[Source records]
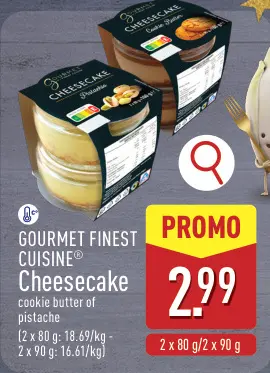 Aanbieding: Cheesecake
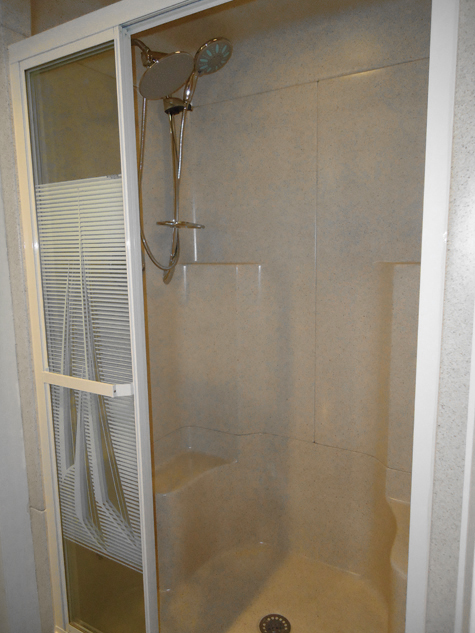 Shower Stall Reglazing, Resurfacing and Refinishing Hamilton ON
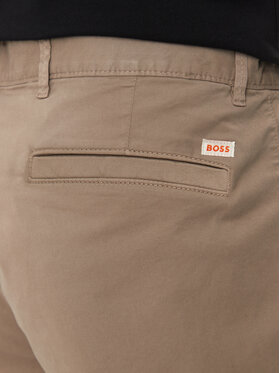 Boss Kratke Hlače Chino-Slim 50513026 Smeđa Slim Fit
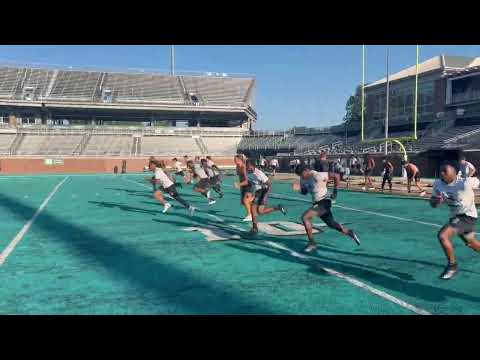 10 Yd Sprints (Speed Training)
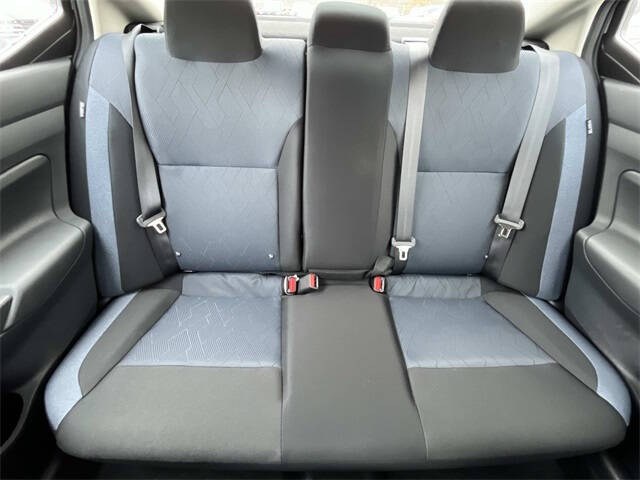 2025 Nissan Versa SV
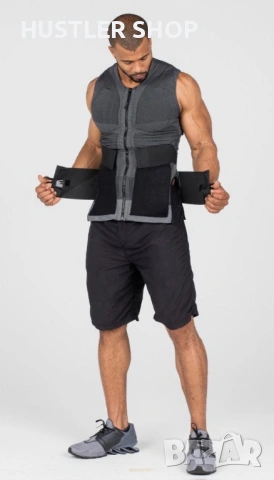 Унисекс ортопедична жилетка SPINAL Q ALIGNMED. Размер XS, снимка 2 - Жилетки - 53373645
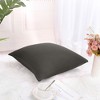 PiccoCasa Home Sofa Hidden Zipper Square Throw Pillowcase 18" x 18" - 3 of 4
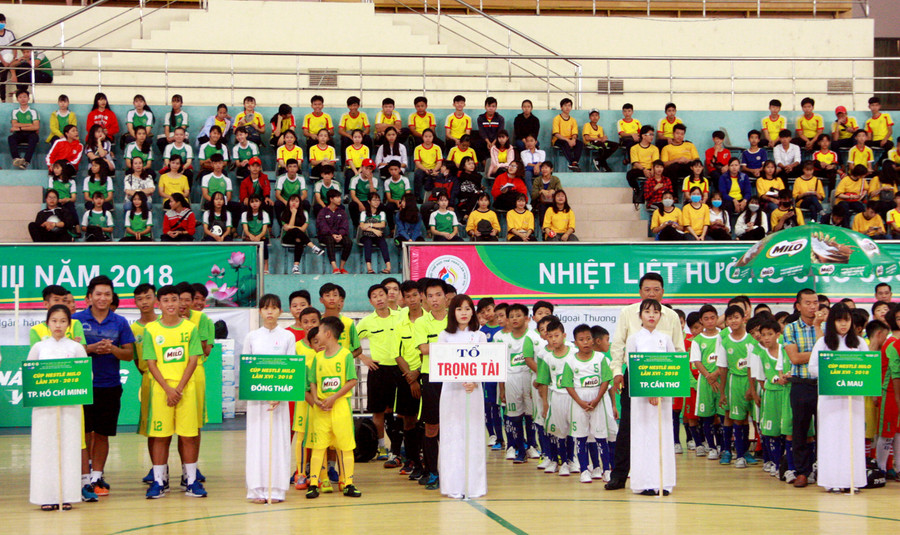 Các đội về dự giải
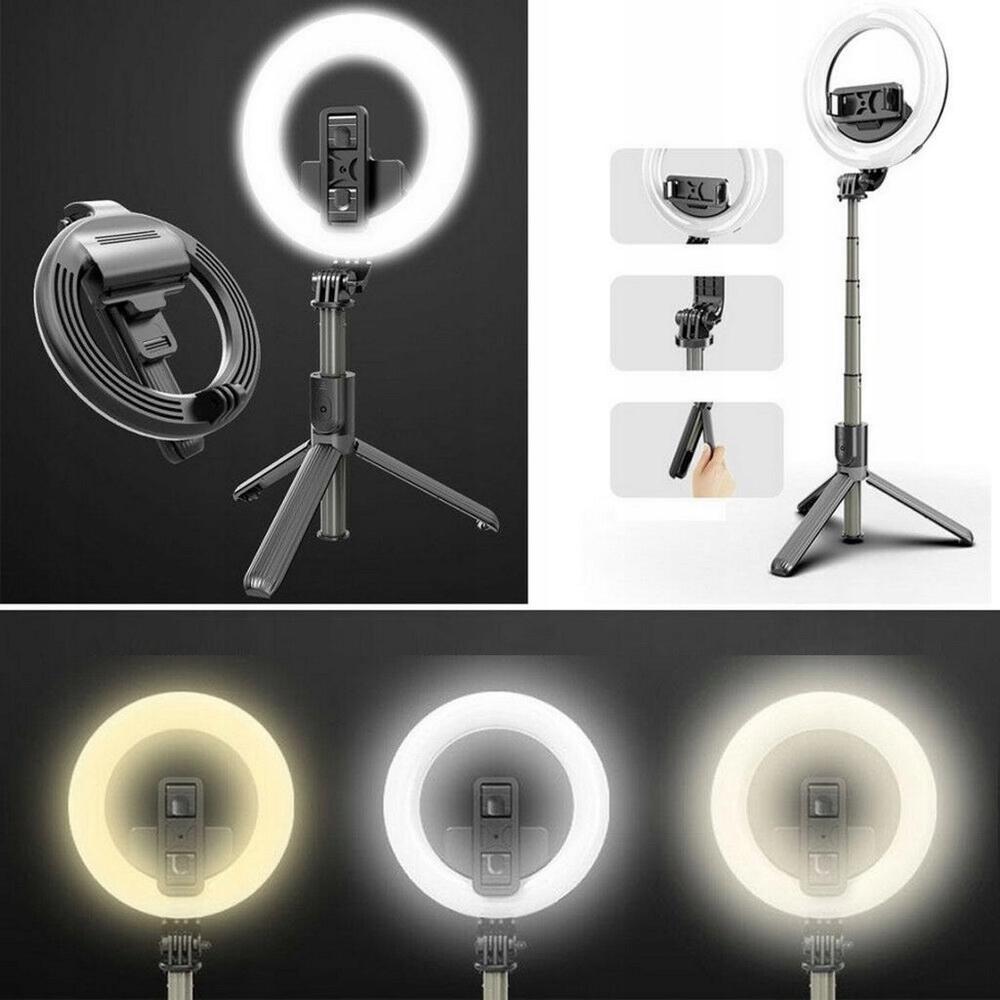Selfie Stick Led Ring Light Tripod Stand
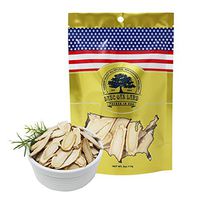 DOL Ginseng Slices L#,Hand-Selected A Grade (Ginseng Root Slices/Sliced Ginseng Root) 4~5 Years #L 4OZ
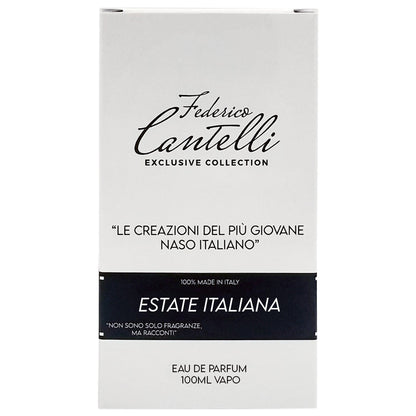 Federico Cantelli Italian Summer Eau de Parfum 100 ml — Profumo Unisex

> [Problem description]:
Copy the final portion of the records: every line from the one containing "PiccoCasa Home Sofa" through the last, word for word, without pictures.

> [Solved exercise]:
 PiccoCasa Home Sofa Hidden Zipper Square Throw Pillowcase 18" x 18" - 3 of 4
 Các đội về dự giải
Selfie Stick Led Ring Light Tripod Stand
 DOL Ginseng Slices L#,Hand-Selected A Grade (Ginseng Root Slices/Sliced Ginseng Root) 4~5 Years #L 4OZ
 Federico Cantelli Italian Summer Eau de Parfum 100 ml — Profumo Unisex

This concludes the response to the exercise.